◆ RECORDS SHOWN
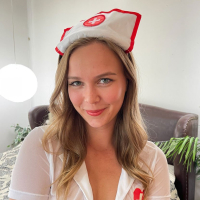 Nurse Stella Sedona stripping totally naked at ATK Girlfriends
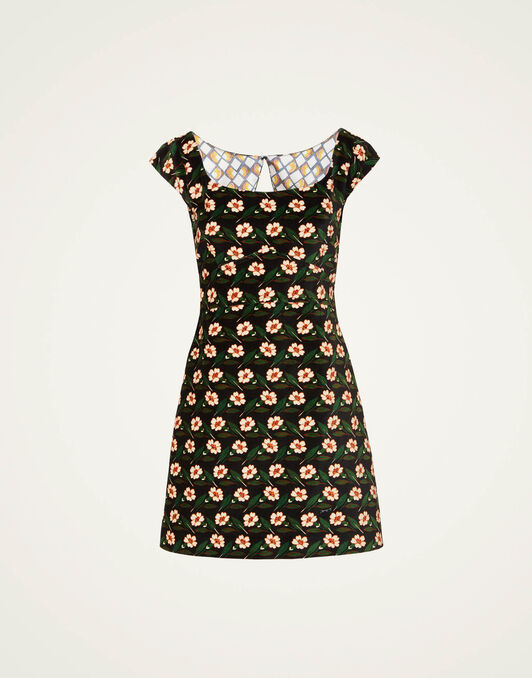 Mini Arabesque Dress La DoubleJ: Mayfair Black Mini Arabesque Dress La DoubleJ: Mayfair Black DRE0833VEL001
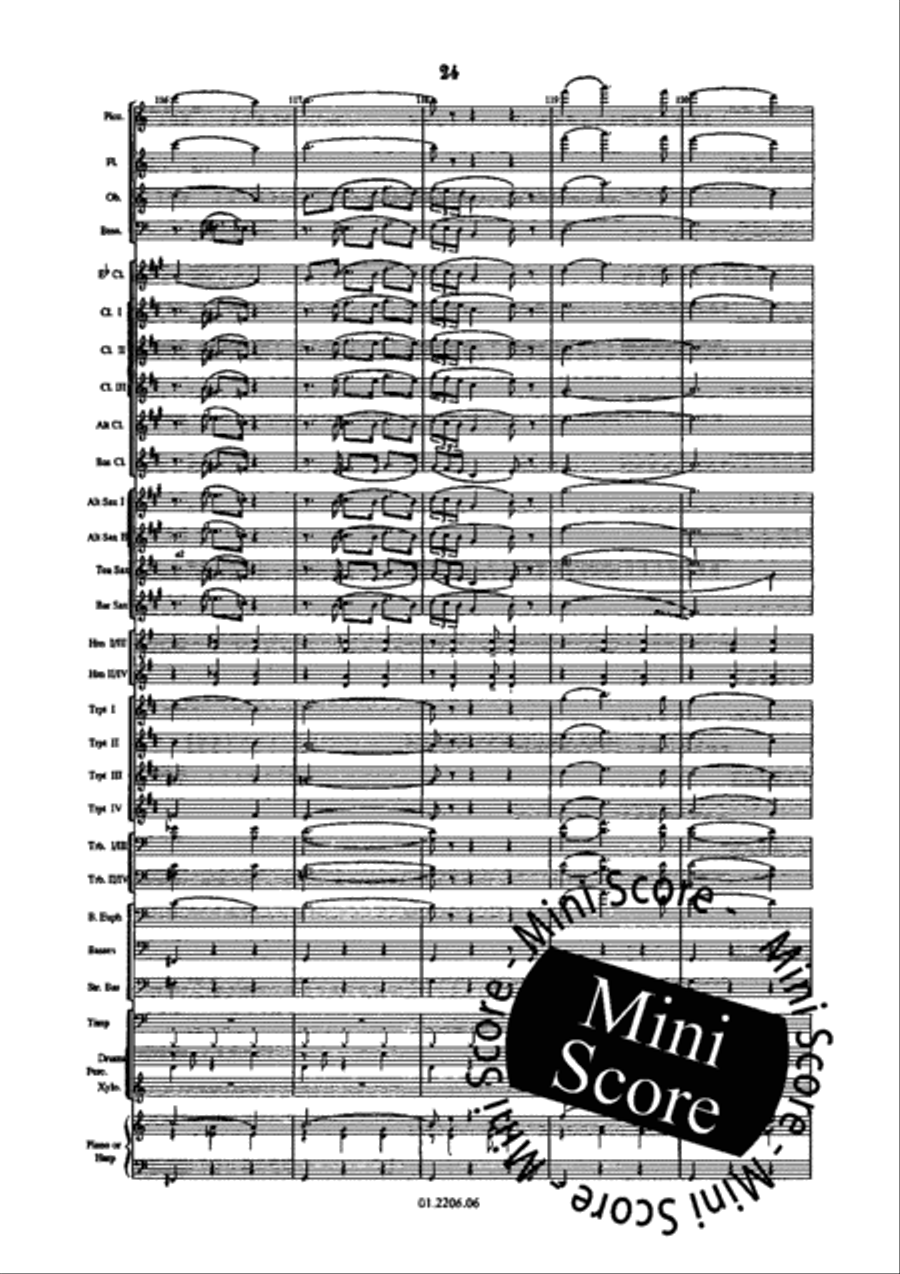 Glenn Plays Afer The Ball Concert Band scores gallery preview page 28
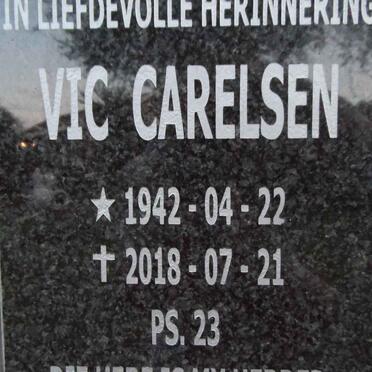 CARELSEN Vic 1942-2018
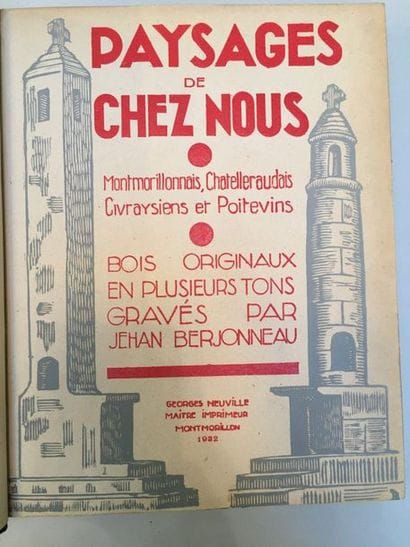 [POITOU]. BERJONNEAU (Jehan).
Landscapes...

◆ REQUIRED WORK
Only the pictures are to be dropped; the rest of the material above must be duplicated exactly.

◆ ANSWER TO THIS TASK
 Nurse Stella Sedona stripping totally naked at ATK Girlfriends
 Mini Arabesque Dress La DoubleJ: Mayfair Black Mini Arabesque Dress La DoubleJ: Mayfair Black DRE0833VEL001
 Glenn Plays Afer The Ball Concert Band scores gallery preview page 28
 CARELSEN Vic 1942-2018
 [POITOU]. BERJONNEAU (Jehan).
Landscapes...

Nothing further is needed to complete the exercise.